As a psychoanalyst candidate and consultant, I am deeply interested in the intersection where the psyche, culture, and social norms meet. These dimensions articulate the myths and stories that constitute who we are.

In my work with individuals and groups, I observe that “development” contains both universal and particular imageries. The social myth is intertwined with the familial and personal myth. Embodying our experiences and exploring the imageries that constitute us allows for an evolution of consciousness and identity. It is from this place that an individual or a community can truly transform their environments and modify their practices with authenticity.

From the Script to the Creative Act

As if it were a theatrical play, every social group and every individual operates under pre-established “scripts”—scenes we repeat without full awareness, often playing characters or roles that no longer fit us.

If we do not examine these “scripts,” if we do not work through these stories, we will tend to tirelessly repeat the same behaviors. Intervening in our reality to transform it requires sufficient awareness to step out of the identified script and enter into a creative dialogue with the images that constitute it. Without this element, any attempt at change risks becoming an empty shell.

Empty Action and the “Cultural Conserve”

There is a concept from Psychodrama that helps explain this aspect of “empty action”: the Cultural Conserve. It is defined as that which we perform through repetition, automatically and without a real connection.

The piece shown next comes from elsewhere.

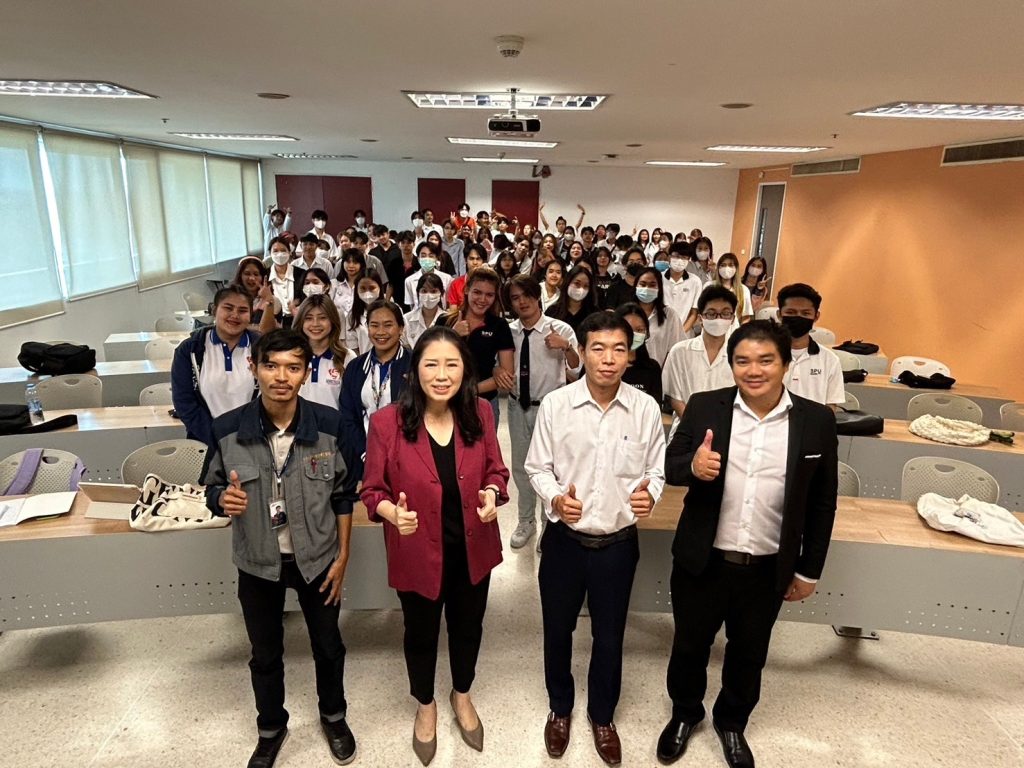 Logistics SPU หลักสูตรระบบบริหารจัดการความปลอดภัยการขนส่ง และการควบคุมยานพาหนะด้วยกล้องอัจฉริยะ 6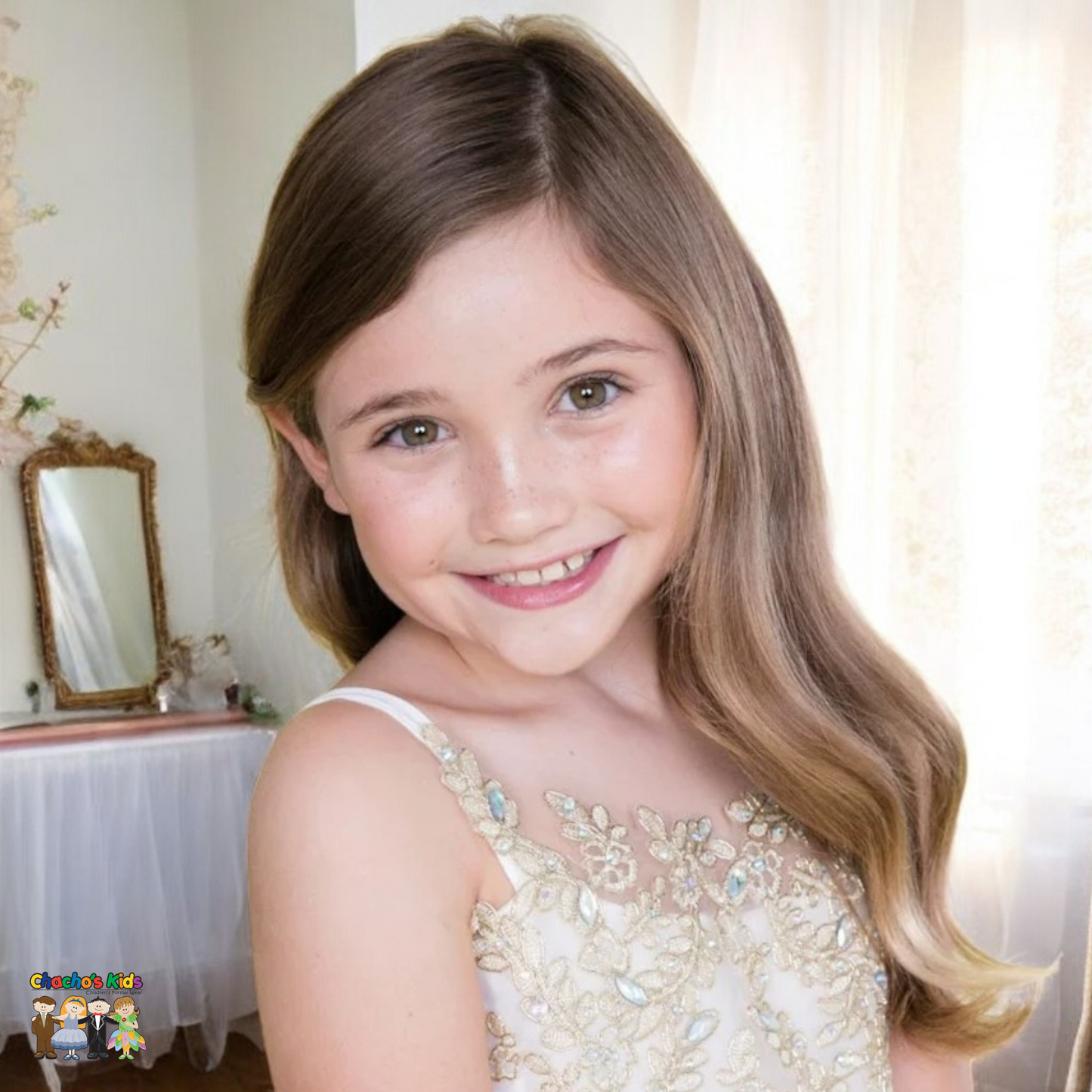 Party / Flower Girl Dress (D-778)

The Cultural Conserve is a rigidification of action that has lost spontaneity and contact. It is performed without committing or changing anything. This risk is present in both institutional leadership and private life: we work with data or logical plans that produce an impeccable narrative but, by becoming “rigid,” lose their humanity. By not embodying the change, it becomes something external and without effect. It does not challenge us and, therefore, it does not transform us.

Action-Based Innovation

My current proposal requires a revitalization of the creative act and imagination as a way of approaching reality. It is about recovering authenticity and spontaneity through what I call Action-Based Innovation.

This approach presents concrete needs for those seeking real change:

  • Inhabiting the Laboratory: Creating spaces where change is experienced before it is implemented.
  • Agents in Transformation: The capacity to be transformed by the very process of leadership or intervention.
  • Symbolic Exploration: Enabling a deep look at the images and narratives that constitute our current challenges.

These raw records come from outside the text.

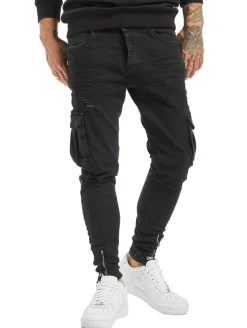Jeans & Hosen*vsct Keanu Cargo Cargo schwarz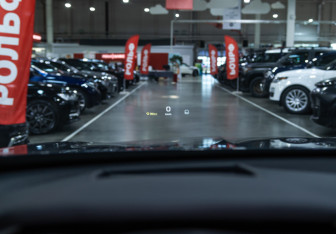 Подержанный автомобиль Geely Tugella 2023 года (34 фото)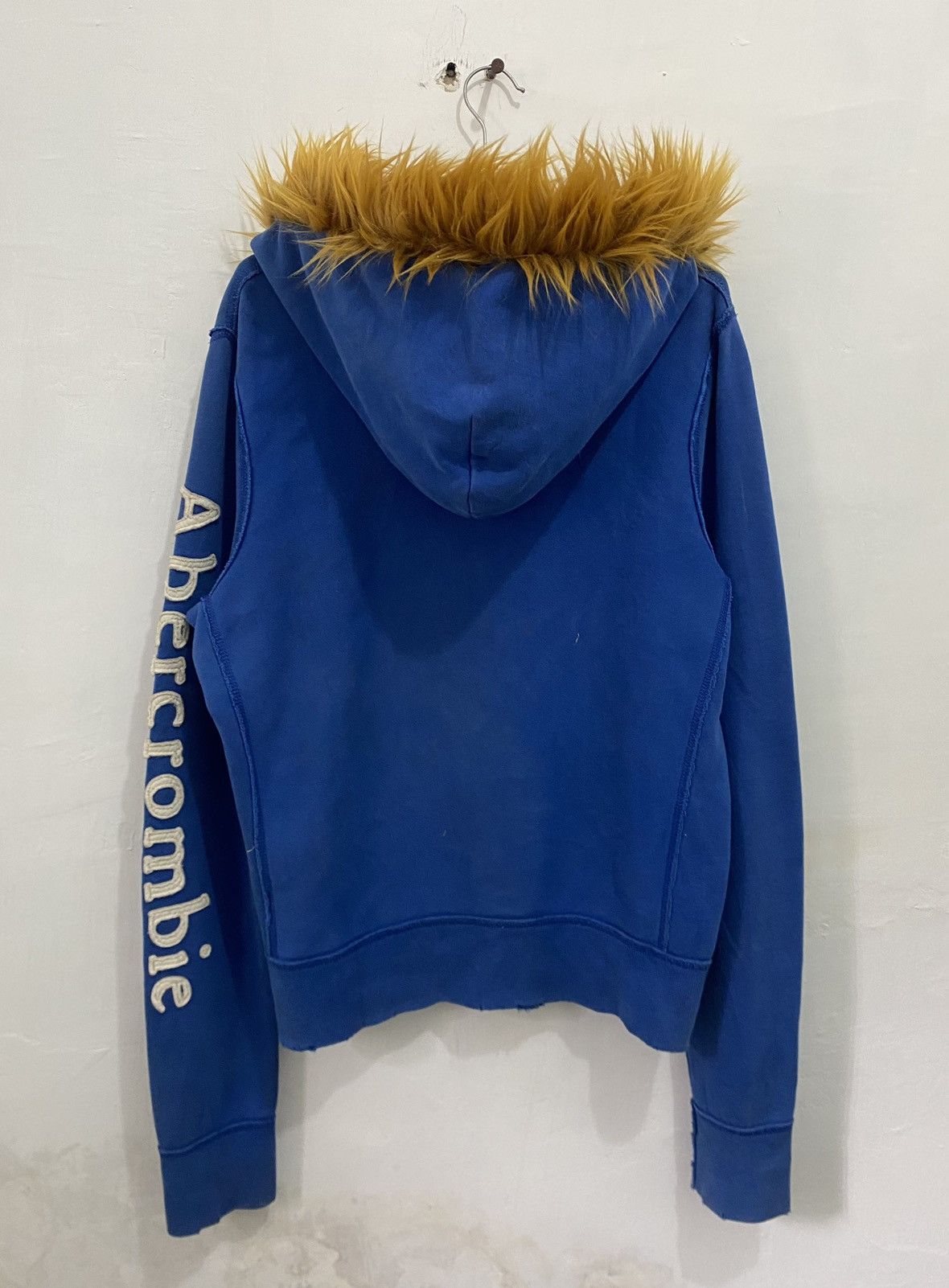 Abercrombie & Fitch 💥If Six Was Nine💥Abercrombie Fur Hoodie LGB style Size US M / EU 48-50 / 2 - 13 Thumbnail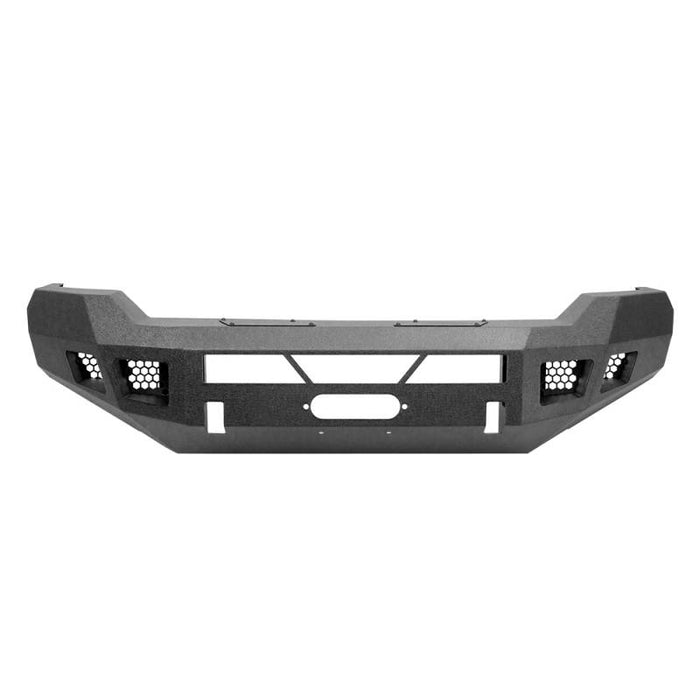 Body Armor FD-19338 Eco Series Winch Front Bumper w/ Sensor Holes for Ford F250/F350 2011-2016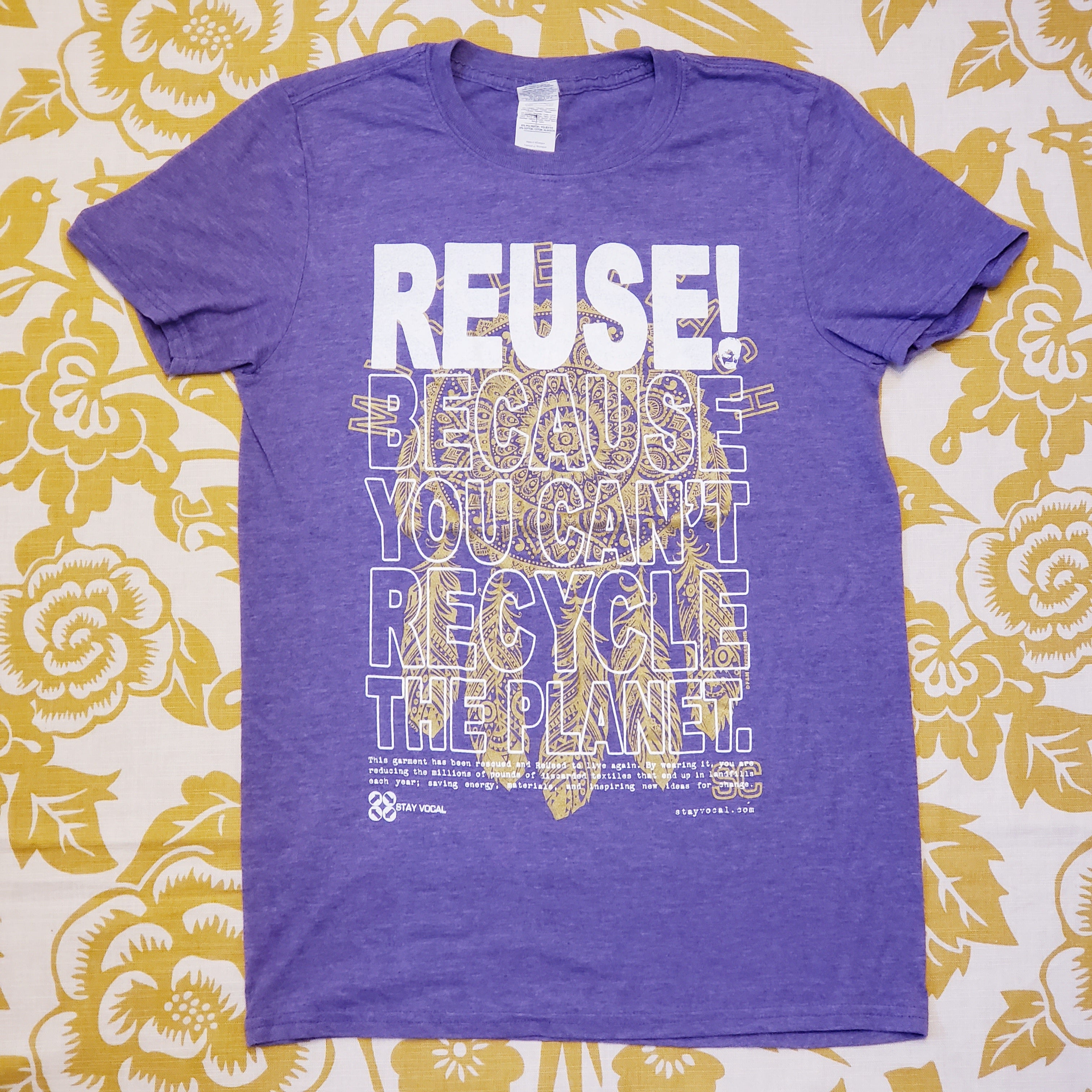 One of a Kind (Men's S) REUSE! Myrtle Beach, SC Dreamcatcher T-Shirt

Today, my commitment is to renew this model. Not as a theory, but as a situated practice. A bridge between the rigor of processes and the depth of the human psyche.

I invite you to leave behind the “cultural conserve” of prefabricated solutions. I invite you to inhabit the rehearsal, to dialogue with your own scripts, and to recover the spontaneity necessary to transform your reality. Change is a creative act that begins when you finally decide to step onto the stage.